Genre : ficlet
Timeline : arc 3 (mais peut se passer pendant l'arc 5 également)
Univers : manga/animes
Spoiler : pas vraiment
Limitation : personnage de Haruka
Toujours plus vite
Les notes s'enchaînaient. Chaque marteau frappait les cordes avec une précision qui frisait l'insolence tellement le rythme était rapide. Et pourtant, ce n'était pas assez vite. Les doigts voulaient suivre le morceau qui tournaient dans l'esprit et se mouvaient sur le piano comme jamais. Pourtant, ils n'étaient pas assez rapide. Plus vite. Toujours plus vite. Tout devait aller vite, personne ne pouvait être devant elle.
À ses côtés, le violon suivait. Comme toujours, très légèrement en retrait mais capable de garder la même vitesse et parfois, se mettre au même niveau. Les doigts glissaient avec maestria sur l'instrument et l'archet perdait de son crin par la vitesse de frottement. Pourtant, ce n'était pas assez rapide. Plus vite. Toujours plus vite. Elle devait aller plus vite pour ne pas perdre de vue sa compagne.
Les doigts sur le piano se crispaient, douloureux après tant de notes frappées si vite. Et les doigts sur le violon, douloureux d'avoir tant glissé sur les cordes, se faisaient un peu moins agiles. Mais aucune fausse note. Non. L'erreur était inadmissible. Et de toute façon, les deux musiciennes étaient trop perdues dans leur morceau, elles s'en moquaient.
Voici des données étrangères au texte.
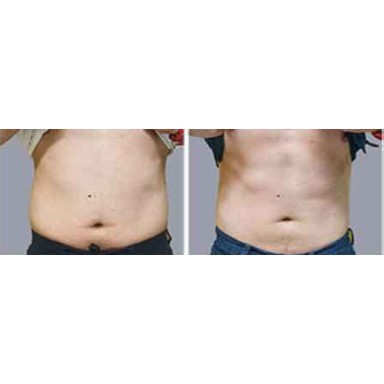 Euphoria Aesthetics & Laser photo 29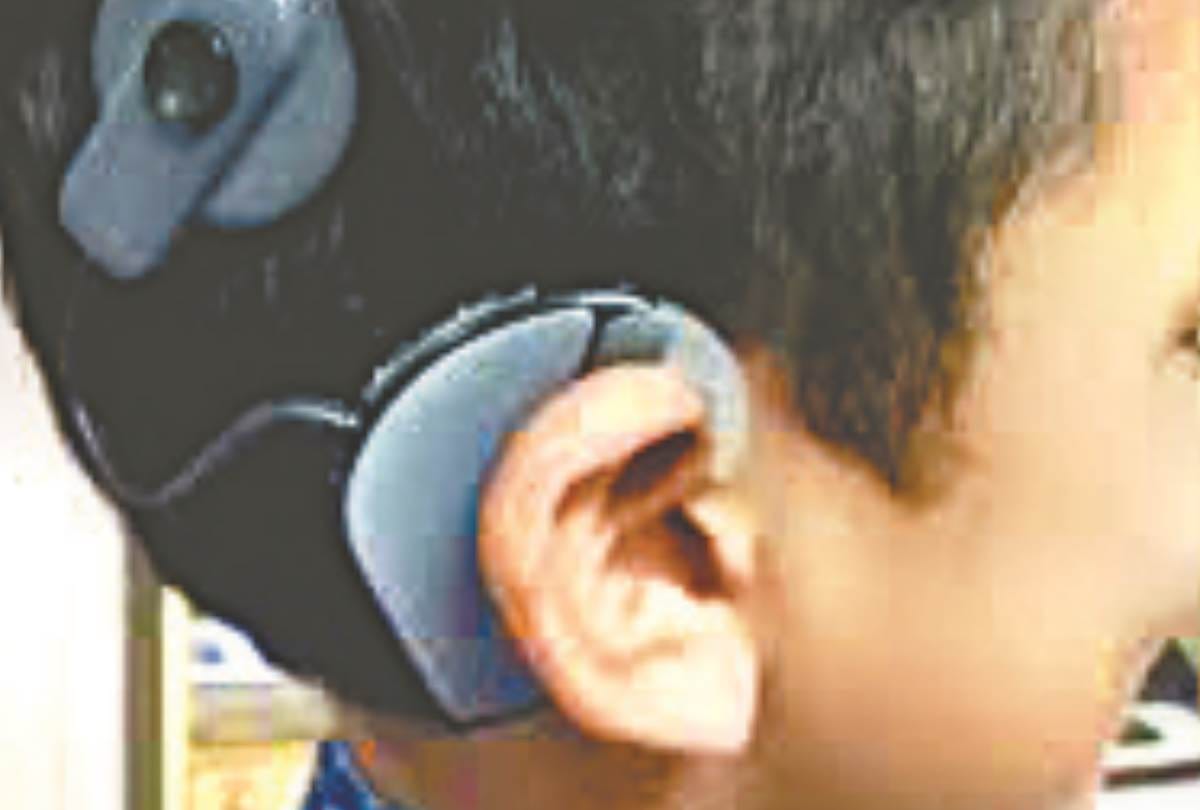 know about the cochlear implant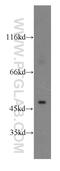 Chitobiase antibody, 12599-1-AP, Proteintech Group, Western Blot image 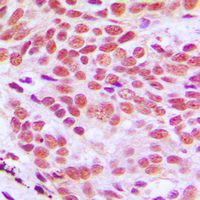 Histone H2B Antibody - Immunohistochemical analysis of Histone H2B staining in human breast cancer formalin fixed paraffin embedded tissue section. The section was pre-treated using heat mediated antigen retrieval with sodium citrate buffer (pH 6.0). The section was then incubated with the antibody at room temperature and detected using an HRP conjugated compact polymer system. DAB was used as the chromogen. The section was then counterstained with hematoxylin and mounted with DPX.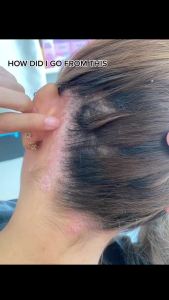 Syampoo kelemumur shampoo psoriasis anti dandruff shampoo rambut gugur dan kelemumur Antifungal ubat kelemumur kepala itchy scalp oil control Deep clean removes mites 頭皮屑 洗發水去屑止痒洗发水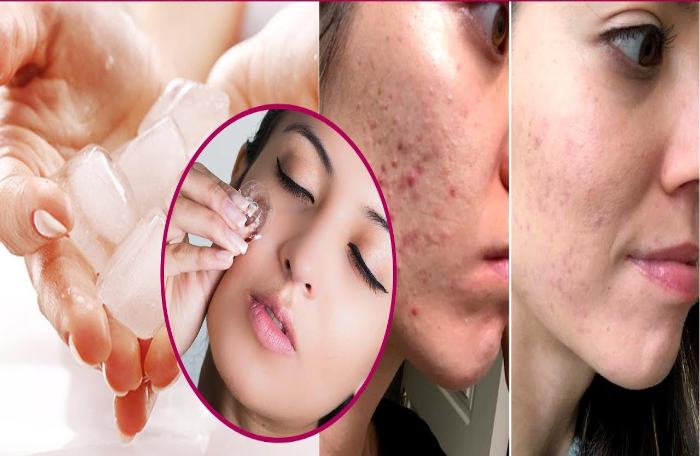 ice cube facial trick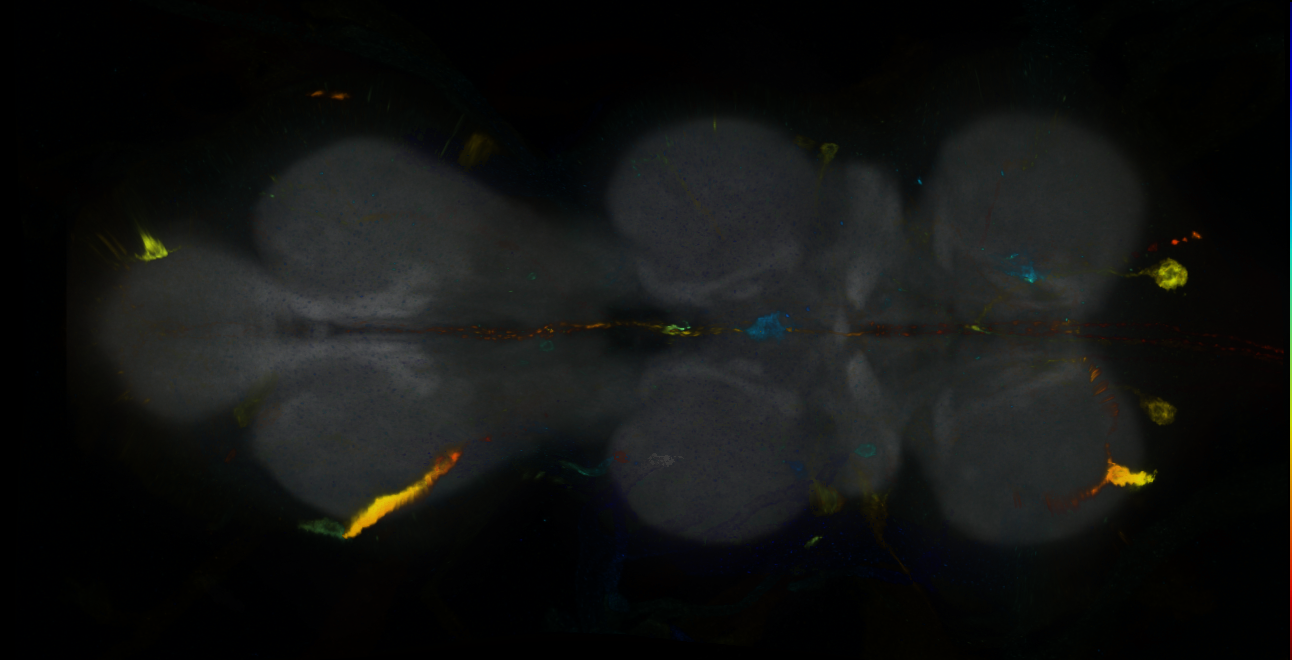 P{GMR14F03-GAL4} expression pattern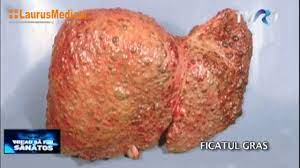 Edemele membrelor inferioare (umflarea ciroza ascita ultima faza. Ficatul Gras Steatoza Hepatica Cauze Diagnosticare Complicatii Ale Bolii Youtube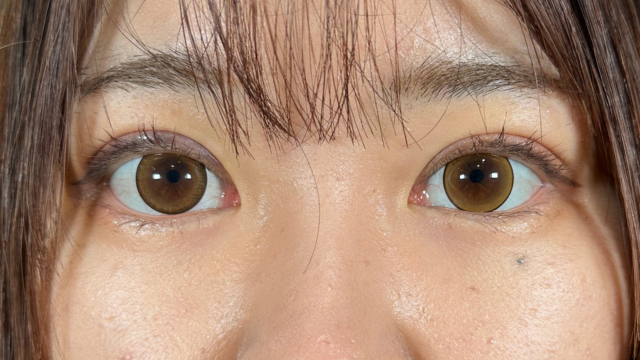 手术前的状态 其一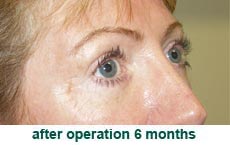 plastic-surgery-blepharoplasty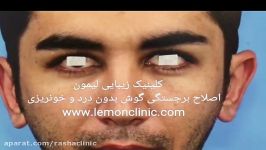 صحبتهای دکتر اکبر بیات در خصوص جراحی زیبایی گوش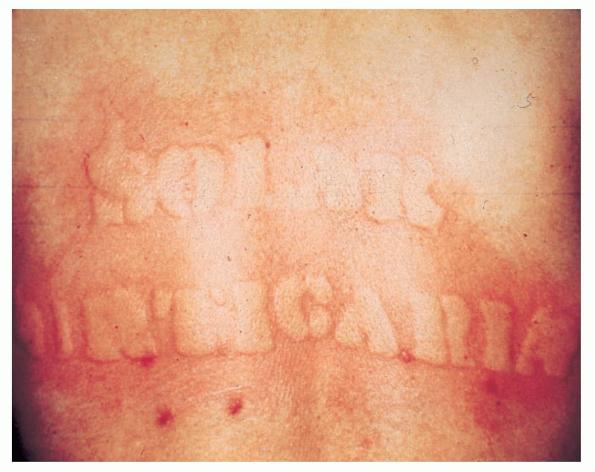 Hives | American Academy of Dermatology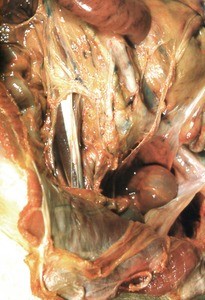 Natural color photograph of dissection of the peritoneal cavity, anterior view, showing abdominal viscera and associated mesentery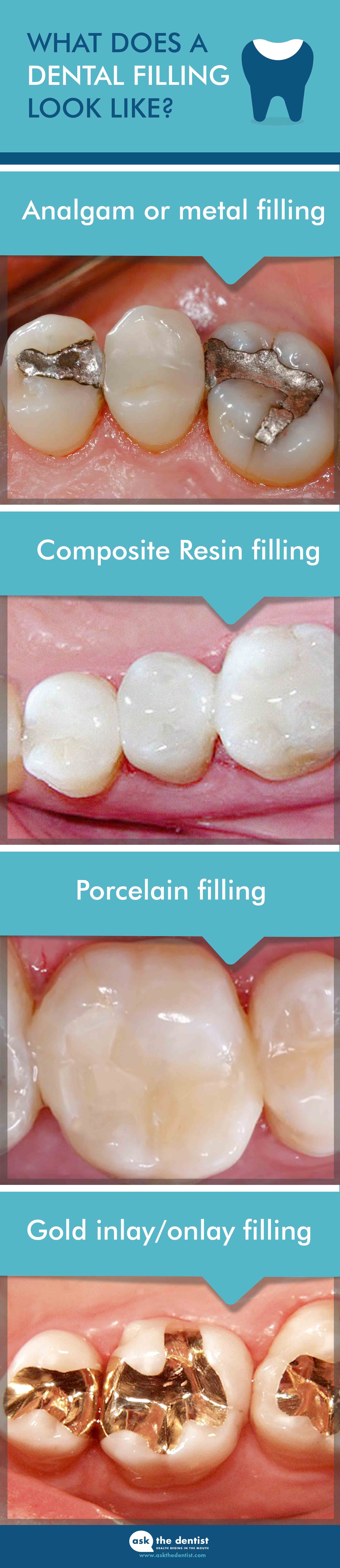 dental fillings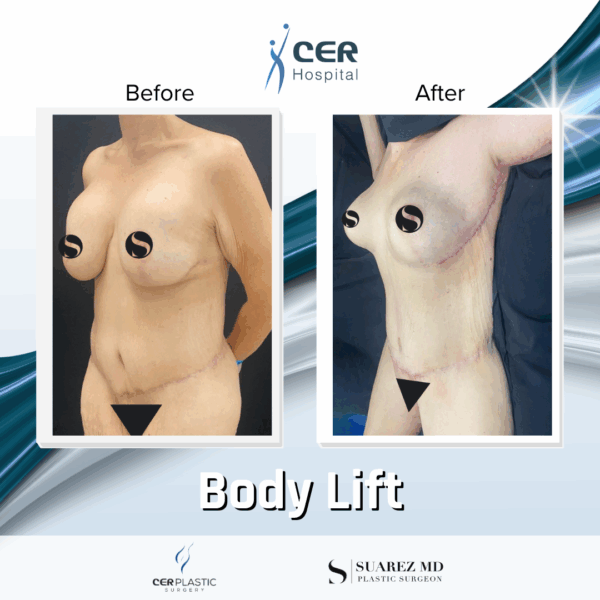 Body Lift - 12063 - Image 7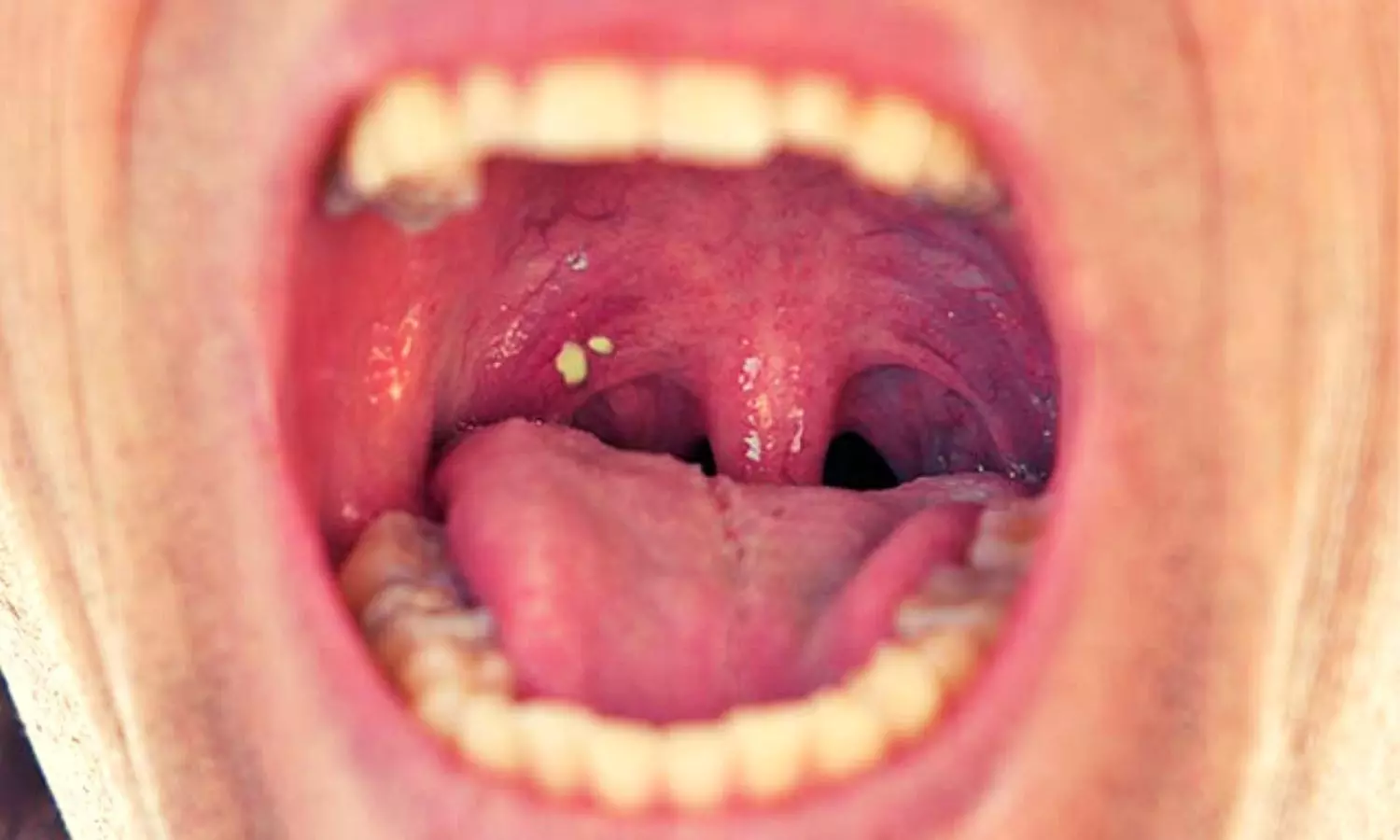 Remedies for Tonsil Relief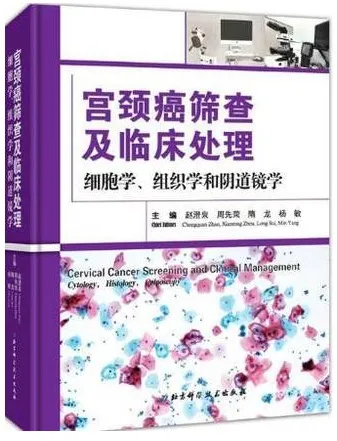 宫颈癌筛查及临床处理 细胞学、组织学和阴道镜学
Le piano s'arrêta, le violon mit quelques notes à le suivre et bientôt, le monde réapparut sous leurs yeux.
« Haruka ? »
La voix était basse et un peu rauque de n'avoir parlé depuis les longues minutes de leur duo. La main qui avait pincé les cordes s'approcha et Michiru se rendit compte que la corne au bout de ses doigts avait été un peu attaquée. Et son bras était un peu endolori, maintenant qu'elle le baissait. Elle se frotta un instant son poignet et la blonde l'attrapa doucement, levant le regard vers Michiru :
« Tu m'as encore suivie.
– Toujours.
– Et en te faisant du mal, reprocha-t-elle en caressant l'articulation douloureuse.
– Rien n'est douloureux tant que je suis à tes côtés, contredit Kaiō en posant son violon sur le piano pour serrer les mains crispées de la pianiste dans les siennes. Et puis, ce n'était pas assez rapide pour toi, je me trompe ? »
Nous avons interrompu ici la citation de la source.